→ **INPUT DATA**
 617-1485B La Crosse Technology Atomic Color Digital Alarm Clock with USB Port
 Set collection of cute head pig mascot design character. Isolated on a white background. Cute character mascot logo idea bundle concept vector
---
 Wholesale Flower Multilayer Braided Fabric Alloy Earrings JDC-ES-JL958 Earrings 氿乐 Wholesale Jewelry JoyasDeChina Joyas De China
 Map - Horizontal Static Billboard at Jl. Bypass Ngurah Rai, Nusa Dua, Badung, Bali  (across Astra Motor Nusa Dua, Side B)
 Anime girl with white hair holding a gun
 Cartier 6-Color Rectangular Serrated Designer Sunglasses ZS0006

→ **INSTRUCTIONS FOR THE TASK**
Pull every line that holds the string "Color" out of the records.

→ **SOLUTION**
 617-1485B La Crosse Technology Atomic Color Digital Alarm Clock with USB Port
 Cartier 6-Color Rectangular Serrated Designer Sunglasses ZS0006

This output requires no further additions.